**What the task requires:** Your answer should hold exactly the lines below from the line with "Skoda Rapid I" through the line with "Bej Renk Kısa Soket Çorap Adele", both included, and no pictures at all.

**Data in this exercise:**
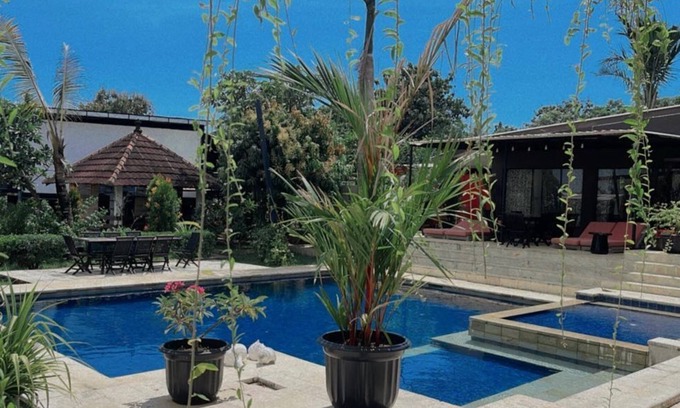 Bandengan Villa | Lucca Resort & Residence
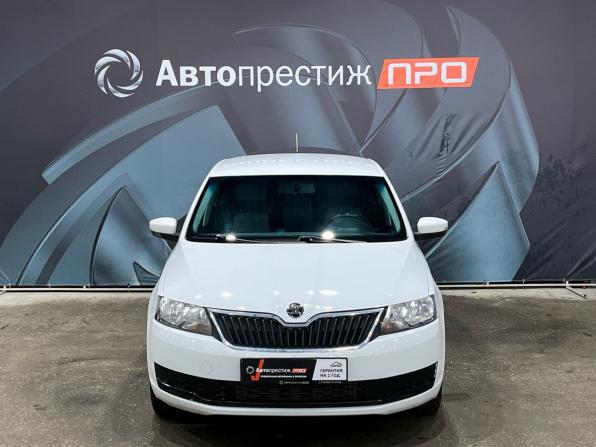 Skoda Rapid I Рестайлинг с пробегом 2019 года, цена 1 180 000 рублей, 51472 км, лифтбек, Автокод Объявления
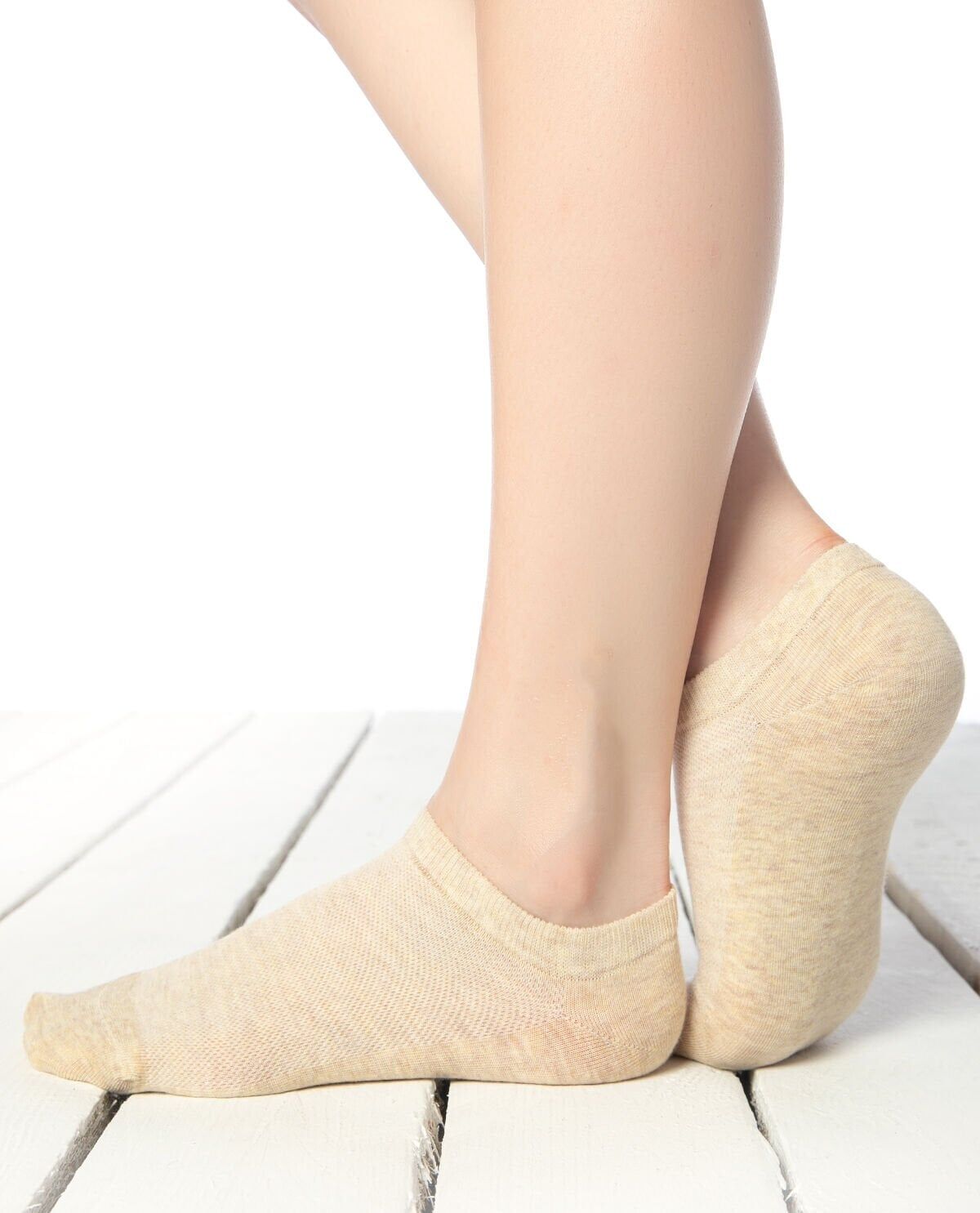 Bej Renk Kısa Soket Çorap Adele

...

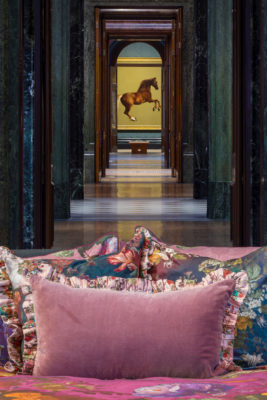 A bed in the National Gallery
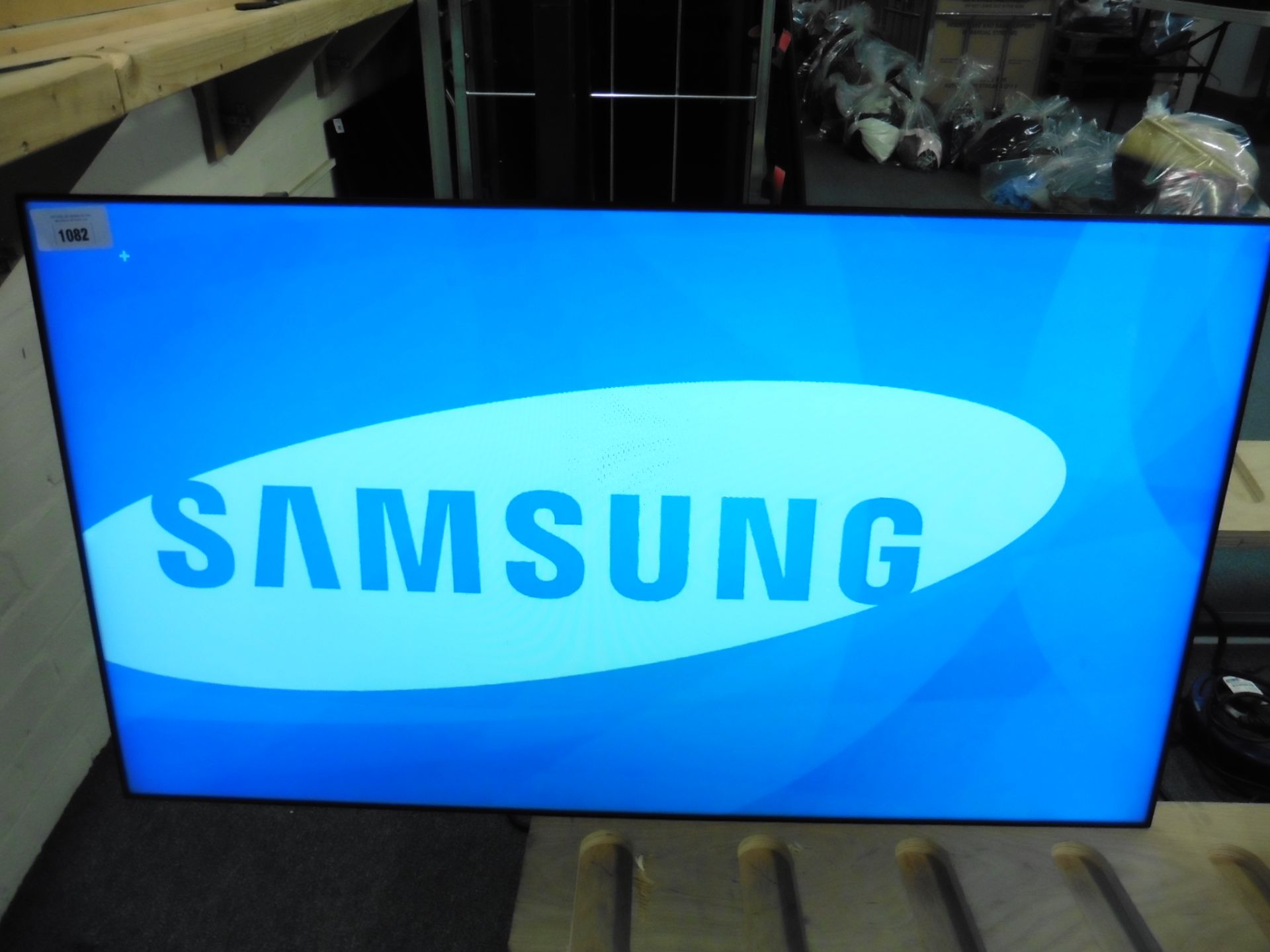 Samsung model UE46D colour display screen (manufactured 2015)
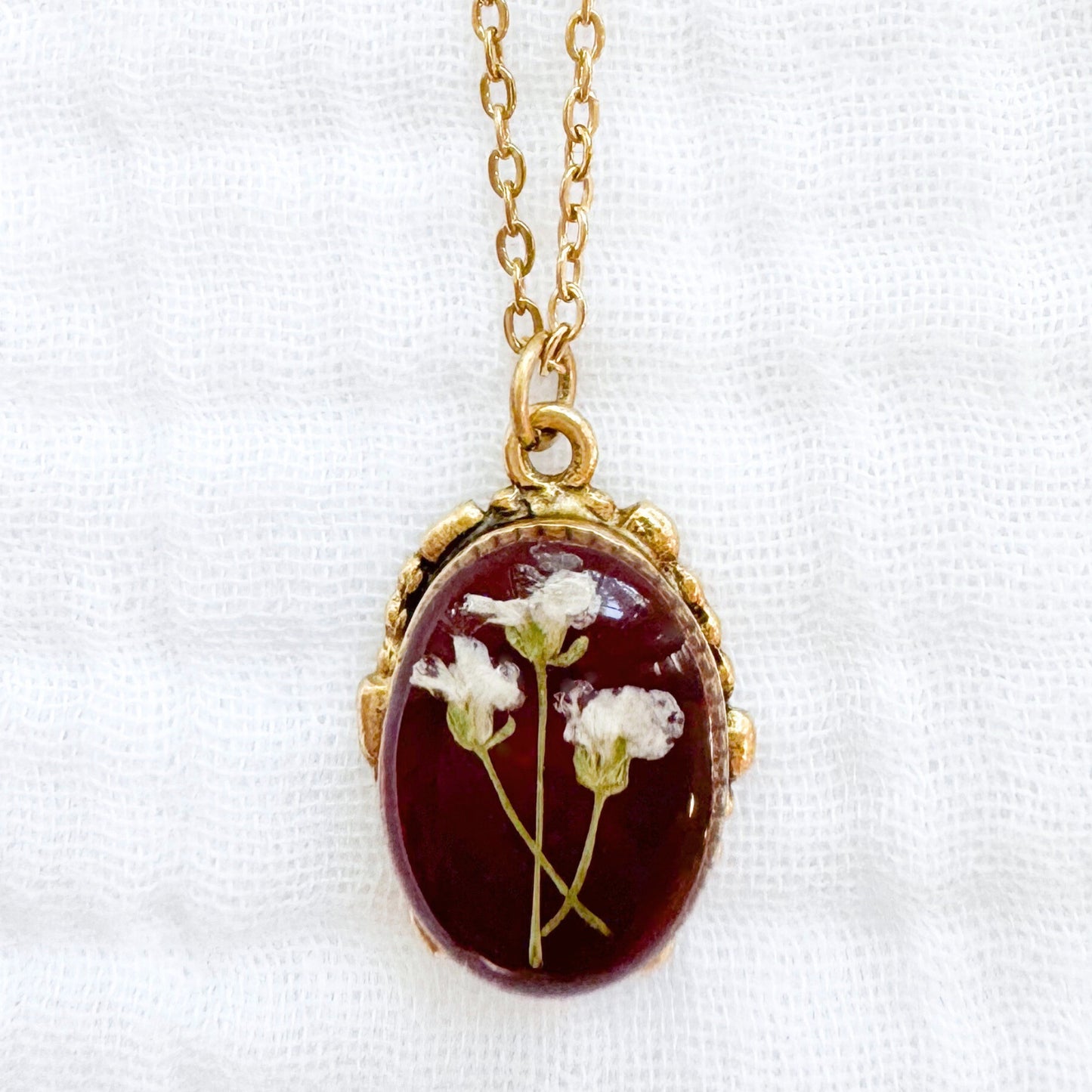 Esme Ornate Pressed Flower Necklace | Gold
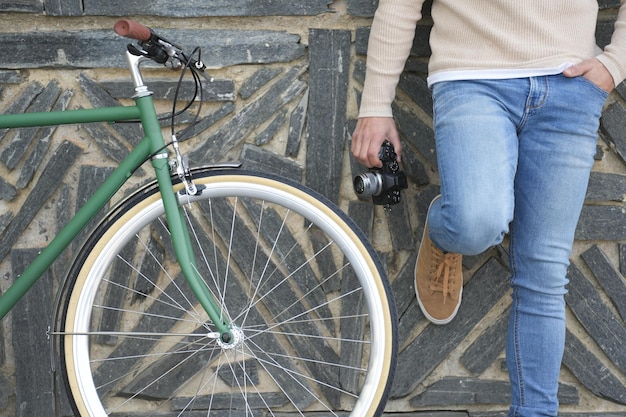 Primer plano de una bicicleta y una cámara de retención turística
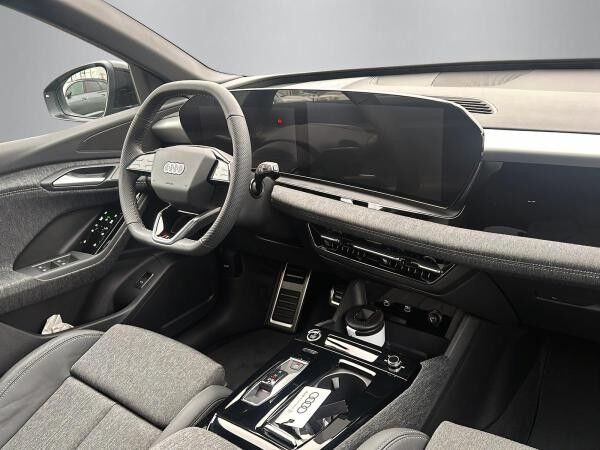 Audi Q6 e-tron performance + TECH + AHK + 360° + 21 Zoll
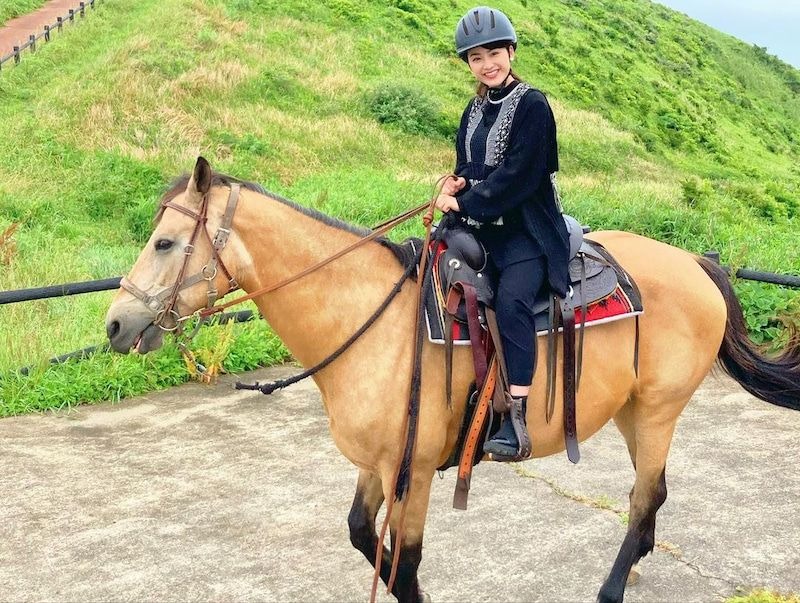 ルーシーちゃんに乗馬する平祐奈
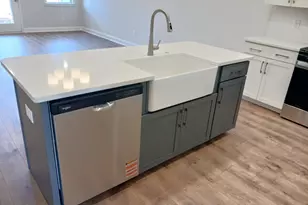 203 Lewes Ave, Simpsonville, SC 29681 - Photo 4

* * *

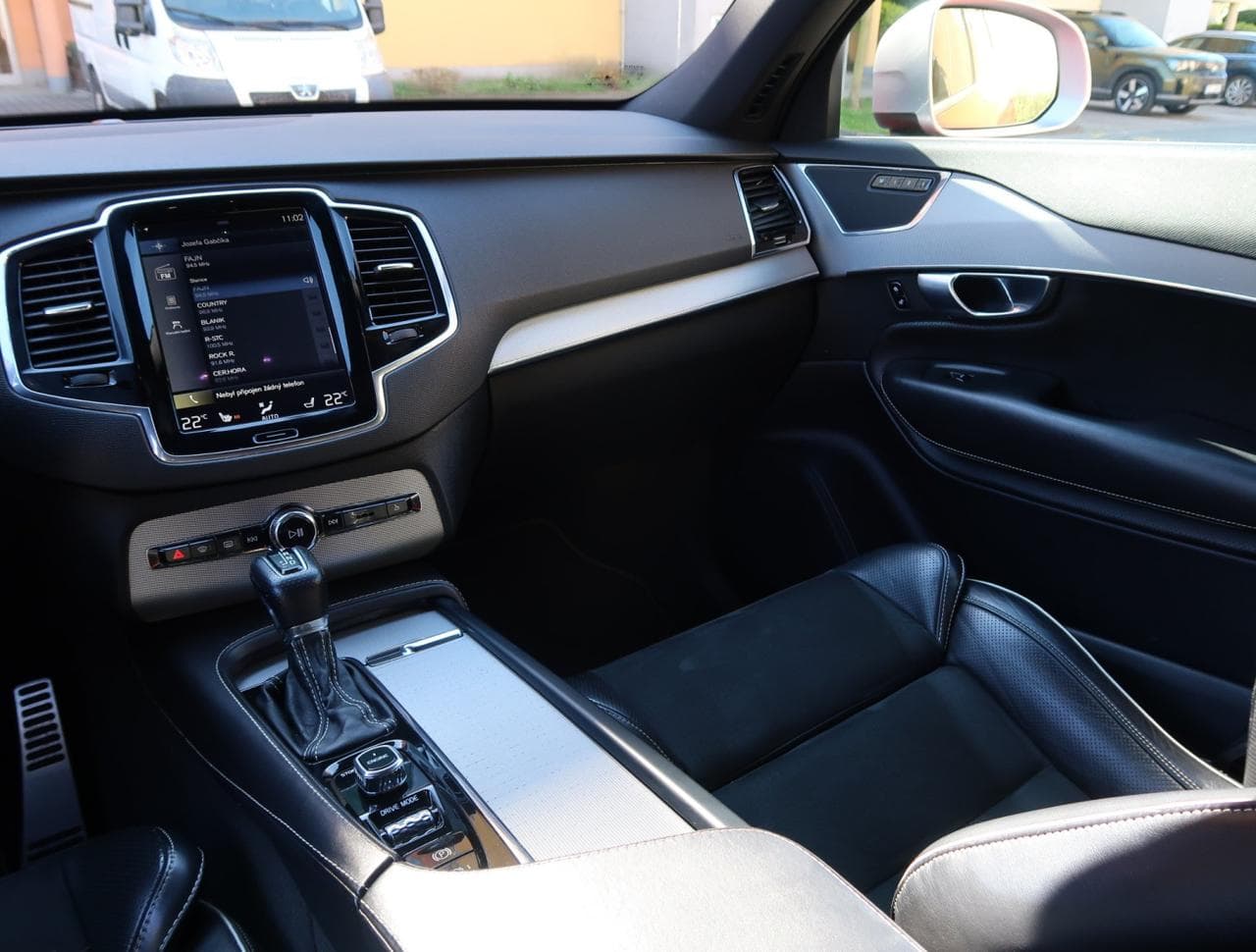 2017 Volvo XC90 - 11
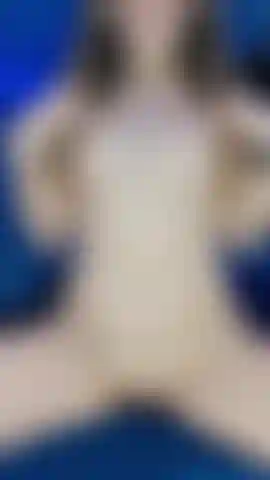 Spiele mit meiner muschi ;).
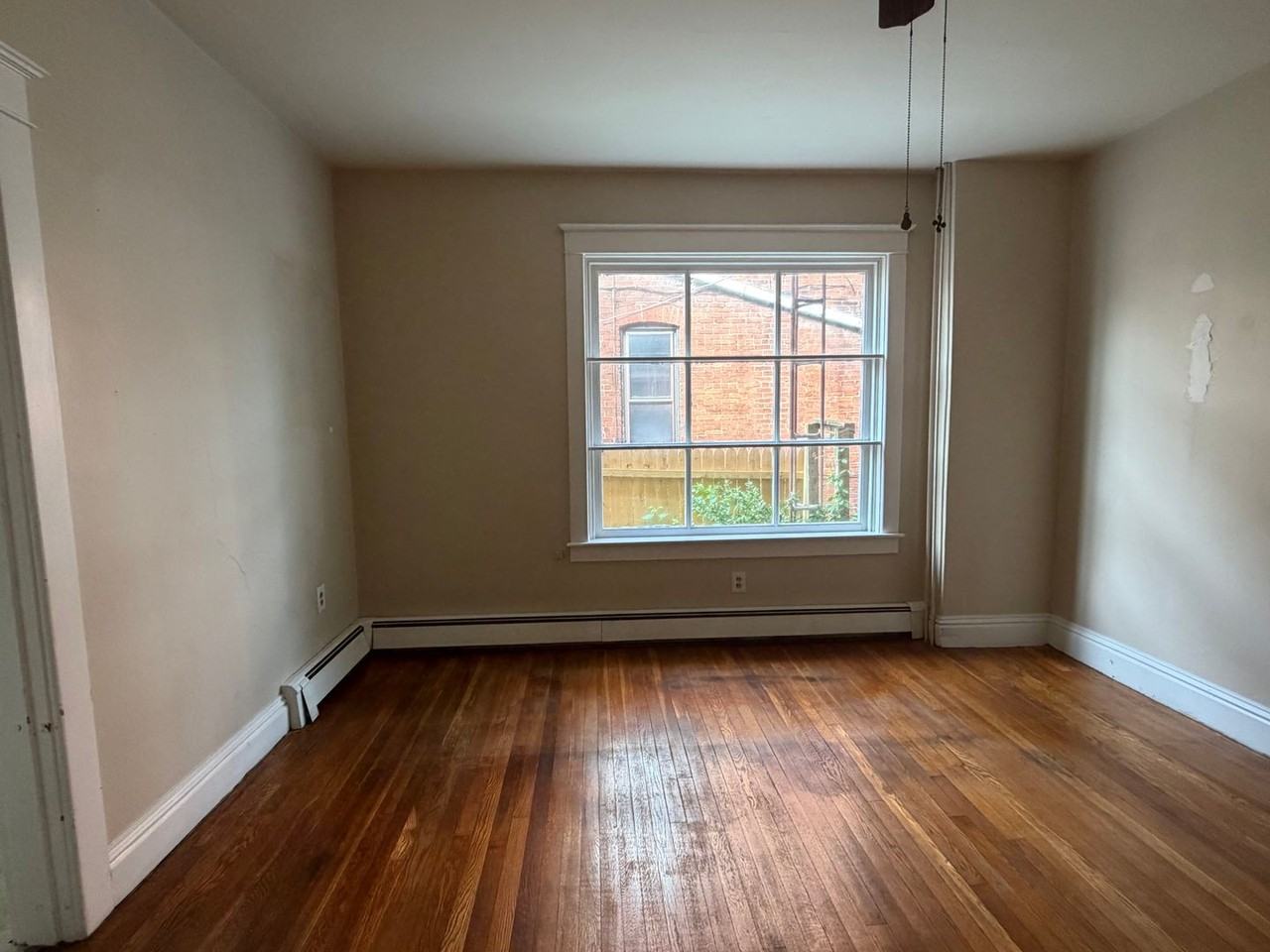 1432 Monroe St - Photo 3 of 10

**Response box:**
 Skoda Rapid I Рестайлинг с пробегом 2019 года, цена 1 180 000 рублей, 51472 км, лифтбек, Автокод Объявления
 Bej Renk Kısa Soket Çorap Adele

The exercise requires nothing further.